Vibrant, creative and accessible.
What’s your favourite neighbourhood in Amsterdam?
BoLo! Haha. That’s the trendy name for Bos en Lommer, where I live. I like that it’s quite ethnic still – although that’s quickly changing – so there are quite a few nice, trendy and still independent places to go. I’ve got an organic grocer really close, a really good butcher, there’s an excellent bakery down the road. I have a garden really close by, and the Westerpark nearby too. It’s really accessible, and it’s just 15 minutes away by bike from the city.
Where would we find you hanging out on a Friday or Saturday night?
I really like going for dinner at Lab111. It’s in an old hospital in some kind of laboratory room, and there’s a cinema there, a restaurant with excellent food, and it’s just around the corner from my partner’s house in Oud-West.
And how about a lazy morning stroll?
I like walking through all the little streets with lots of boutiques. In Amsterdam shops are more independent and businesses can survive as a single shop. You do see some more chains coming in but I think there are some rules that mean large companies have to stay outside the canal ring as a way to preserve the way that Amsterdam looks, which is so important. Luckily it wasn’t bombed during the war, so we have so much beautiful architecture here.
Would you recommend Amsterdam as a place to start your own business?
Absolutely. It’s really, really easy. The costs for setting up your business are really low and it’s really business friendly. I went into the KvK (Chamber of Commerce) and within half an hour I had my business number and everything was set up . I just had to go to the tax office and organise things with them which was also really easy despite the fact they will only speak to you in Dutch – they’re not allowed to speak with clients in English. All the letters you‘ll receive from the tax office will be in Dutch. But the KvK are really friendly and speak English well, and they have lots of extra courses you can take so there’s lots of support. Costs are relatively low in Amsterdam – although Dutch people don’t think so – they think it’s really expensive. Compared to the rest of the Netherlands it is, but compared to London it’s really affordable.

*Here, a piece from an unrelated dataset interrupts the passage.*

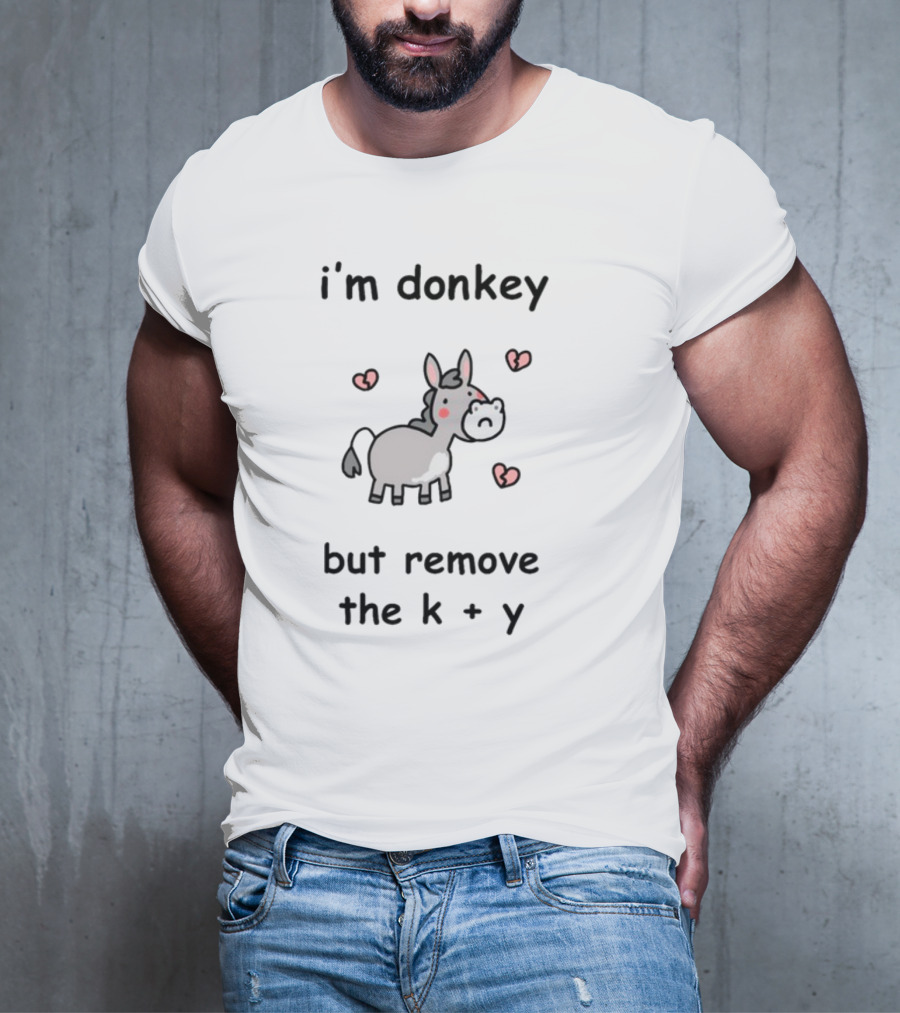 I'm Donkey Cute Cartoon Heart I'm Done T-Shirt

Do you have any advice for anyone hoping to start a business in Amsterdam?
Do your research and look at the competition. And depending on where you want to work, really pay attention to the traffic that comes past and think about whether they are your clients. Keep your costs down – there are so many free apps you can use and inexpensive printing companies, and if you keep your costs down in the beginning you’ll be able to weather that tough time.

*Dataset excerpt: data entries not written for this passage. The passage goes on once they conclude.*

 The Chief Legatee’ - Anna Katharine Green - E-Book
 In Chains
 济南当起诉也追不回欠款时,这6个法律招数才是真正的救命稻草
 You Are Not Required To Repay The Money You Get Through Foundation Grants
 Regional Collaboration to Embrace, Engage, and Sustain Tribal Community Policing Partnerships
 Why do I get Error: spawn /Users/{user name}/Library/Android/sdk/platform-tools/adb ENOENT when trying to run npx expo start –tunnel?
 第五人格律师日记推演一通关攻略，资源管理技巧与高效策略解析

"Come over with a wide open perspective, try not to bring your own cultural bias, and just be open to new things"
How has Amsterdam changed you?
It’s made me a lot more relaxed. Everything’s give and take here. Even in the traffic, everyone slows down to let someone go past - and I think they’re that way in general life too. They have this saying, ‘even geduld’ – it means ‘just a moment’, ‘have a little patience’. Or ‘ga rustig aan’, which means ‘don’t worry’, ‘no rush’. Like if you’re in the queue at a shop, everyone’s just patiently waiting. I quickly learned that if you don’t just fall in and follow that, then you’re going to be very frustrated.
Do you have any advice for someone thinking about making the move to Amsterdam?

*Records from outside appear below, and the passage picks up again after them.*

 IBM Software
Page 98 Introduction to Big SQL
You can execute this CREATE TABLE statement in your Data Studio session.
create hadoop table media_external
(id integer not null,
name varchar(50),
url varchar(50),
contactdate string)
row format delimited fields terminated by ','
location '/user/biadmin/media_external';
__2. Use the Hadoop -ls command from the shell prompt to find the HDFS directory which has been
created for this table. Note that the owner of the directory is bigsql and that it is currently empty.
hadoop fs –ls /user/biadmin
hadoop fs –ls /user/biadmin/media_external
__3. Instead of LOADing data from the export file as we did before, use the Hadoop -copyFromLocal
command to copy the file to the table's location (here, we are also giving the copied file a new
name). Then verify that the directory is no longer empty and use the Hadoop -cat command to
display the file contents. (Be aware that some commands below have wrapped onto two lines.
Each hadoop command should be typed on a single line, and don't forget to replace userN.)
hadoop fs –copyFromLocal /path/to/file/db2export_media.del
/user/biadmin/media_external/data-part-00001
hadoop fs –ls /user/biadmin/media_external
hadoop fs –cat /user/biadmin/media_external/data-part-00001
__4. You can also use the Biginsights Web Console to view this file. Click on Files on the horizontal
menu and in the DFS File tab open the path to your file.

I would say try and get a job beforehand because of the 30% ruling, which is really beneficial to you tax-wise. And think about the type of housing you want. Everyone says that housing is really difficult to come by, although I was really lucky and found a place within the first week. I moved in and have been here ever since. But it can be very expensive sometimes, and if you get a furnished place you’re going to be paying a lot. But lots of people leave things on the street that are in perfect condition, so maybe you want to start slowly and then build up your own things. Come over with a wide open perspective, try not to bring your own cultural bias, and just be open to new things.